EXERCISE :: Begin with the first line of the entries below. Copy each line exactly, stopping after the one that contains "Nes prestekontor Kirkebøker, AV/SAO-A-10410/G/Ga/L0001: Parish".

(Beginning of ENTRIES SUPPLIED)

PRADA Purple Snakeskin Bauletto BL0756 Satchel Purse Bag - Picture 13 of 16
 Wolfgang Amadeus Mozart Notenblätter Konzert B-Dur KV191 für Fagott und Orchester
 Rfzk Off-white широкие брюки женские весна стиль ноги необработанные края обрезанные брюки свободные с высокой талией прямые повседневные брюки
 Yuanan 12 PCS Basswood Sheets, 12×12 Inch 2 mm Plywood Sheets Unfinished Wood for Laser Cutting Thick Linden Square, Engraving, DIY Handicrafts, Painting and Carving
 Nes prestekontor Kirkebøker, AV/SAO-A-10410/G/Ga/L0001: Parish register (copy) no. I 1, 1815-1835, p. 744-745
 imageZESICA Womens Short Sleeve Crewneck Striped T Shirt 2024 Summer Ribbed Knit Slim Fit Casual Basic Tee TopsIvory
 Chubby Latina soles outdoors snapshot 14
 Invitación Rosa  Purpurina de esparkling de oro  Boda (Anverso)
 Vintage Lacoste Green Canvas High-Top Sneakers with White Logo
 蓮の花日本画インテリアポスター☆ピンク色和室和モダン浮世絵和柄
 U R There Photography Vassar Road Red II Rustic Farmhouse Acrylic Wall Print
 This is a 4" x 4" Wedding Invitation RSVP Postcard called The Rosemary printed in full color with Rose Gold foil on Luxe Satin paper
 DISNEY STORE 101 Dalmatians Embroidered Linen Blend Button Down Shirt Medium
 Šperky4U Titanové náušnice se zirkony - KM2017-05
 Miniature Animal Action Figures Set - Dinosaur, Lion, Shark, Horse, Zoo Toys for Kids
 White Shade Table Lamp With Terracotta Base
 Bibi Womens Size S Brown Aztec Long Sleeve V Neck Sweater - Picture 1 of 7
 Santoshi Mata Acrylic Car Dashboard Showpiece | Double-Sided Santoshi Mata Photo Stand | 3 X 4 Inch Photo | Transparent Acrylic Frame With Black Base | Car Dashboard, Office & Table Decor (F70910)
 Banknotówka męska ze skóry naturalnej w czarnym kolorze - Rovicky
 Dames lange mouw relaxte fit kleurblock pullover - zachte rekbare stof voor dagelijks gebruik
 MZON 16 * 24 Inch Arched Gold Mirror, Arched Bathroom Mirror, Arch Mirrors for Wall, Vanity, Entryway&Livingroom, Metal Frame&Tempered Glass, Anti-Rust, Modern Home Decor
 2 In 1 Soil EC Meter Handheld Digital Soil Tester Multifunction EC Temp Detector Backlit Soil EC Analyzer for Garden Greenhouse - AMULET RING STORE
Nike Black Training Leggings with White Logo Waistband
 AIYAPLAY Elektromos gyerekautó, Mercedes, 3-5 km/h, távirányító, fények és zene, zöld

(End of ENTRIES SUPPLIED)

RESULT OF THIS EXERCISE ::
PRADA Purple Snakeskin Bauletto BL0756 Satchel Purse Bag - Picture 13 of 16
 Wolfgang Amadeus Mozart Notenblätter Konzert B-Dur KV191 für Fagott und Orchester
 Rfzk Off-white широкие брюки женские весна стиль ноги необработанные края обрезанные брюки свободные с высокой талией прямые повседневные брюки
 Yuanan 12 PCS Basswood Sheets, 12×12 Inch 2 mm Plywood Sheets Unfinished Wood for Laser Cutting Thick Linden Square, Engraving, DIY Handicrafts, Painting and Carving
 Nes prestekontor Kirkebøker, AV/SAO-A-10410/G/Ga/L0001: Parish register (copy) no. I 1, 1815-1835, p. 744-745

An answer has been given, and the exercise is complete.